Copy out every line of the data where the word "Used" is found.

[[ Record extracts, beginning ]]

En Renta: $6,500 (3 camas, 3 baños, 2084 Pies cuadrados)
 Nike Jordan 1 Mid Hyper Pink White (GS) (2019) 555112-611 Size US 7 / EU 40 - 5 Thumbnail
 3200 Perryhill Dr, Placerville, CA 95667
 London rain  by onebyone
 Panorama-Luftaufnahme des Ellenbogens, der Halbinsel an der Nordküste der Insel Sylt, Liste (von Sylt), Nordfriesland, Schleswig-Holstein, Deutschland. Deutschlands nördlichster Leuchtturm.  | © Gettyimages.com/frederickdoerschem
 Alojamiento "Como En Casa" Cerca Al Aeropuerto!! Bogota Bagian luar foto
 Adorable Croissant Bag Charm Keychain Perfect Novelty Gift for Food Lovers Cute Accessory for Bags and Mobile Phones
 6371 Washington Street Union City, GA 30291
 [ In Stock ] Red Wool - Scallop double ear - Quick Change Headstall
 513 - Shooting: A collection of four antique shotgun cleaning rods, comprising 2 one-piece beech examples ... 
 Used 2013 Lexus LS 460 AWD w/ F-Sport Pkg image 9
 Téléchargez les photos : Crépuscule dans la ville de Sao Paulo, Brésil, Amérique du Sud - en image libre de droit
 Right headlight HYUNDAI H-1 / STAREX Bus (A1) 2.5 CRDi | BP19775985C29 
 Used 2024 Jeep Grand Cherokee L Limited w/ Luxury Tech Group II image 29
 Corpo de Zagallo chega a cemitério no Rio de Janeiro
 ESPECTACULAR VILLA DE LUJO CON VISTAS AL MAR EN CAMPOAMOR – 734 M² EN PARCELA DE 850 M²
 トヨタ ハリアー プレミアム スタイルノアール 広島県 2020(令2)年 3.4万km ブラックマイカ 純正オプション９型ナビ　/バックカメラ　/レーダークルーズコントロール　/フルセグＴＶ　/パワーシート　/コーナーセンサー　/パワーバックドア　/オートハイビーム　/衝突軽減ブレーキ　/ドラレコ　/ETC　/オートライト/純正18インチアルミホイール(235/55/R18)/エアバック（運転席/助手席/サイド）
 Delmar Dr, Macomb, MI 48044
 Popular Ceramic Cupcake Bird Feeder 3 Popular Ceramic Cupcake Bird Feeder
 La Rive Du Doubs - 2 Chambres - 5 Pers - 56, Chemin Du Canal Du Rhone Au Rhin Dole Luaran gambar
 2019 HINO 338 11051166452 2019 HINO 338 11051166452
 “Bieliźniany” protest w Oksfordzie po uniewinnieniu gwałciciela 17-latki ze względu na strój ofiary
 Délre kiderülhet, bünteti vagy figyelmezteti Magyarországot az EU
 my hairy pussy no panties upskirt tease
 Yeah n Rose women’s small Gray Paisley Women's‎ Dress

[[ Record extracts, end ]]

▸ Answer for the task:
 Used 2013 Lexus LS 460 AWD w/ F-Sport Pkg image 9
 Used 2024 Jeep Grand Cherokee L Limited w/ Luxury Tech Group II image 29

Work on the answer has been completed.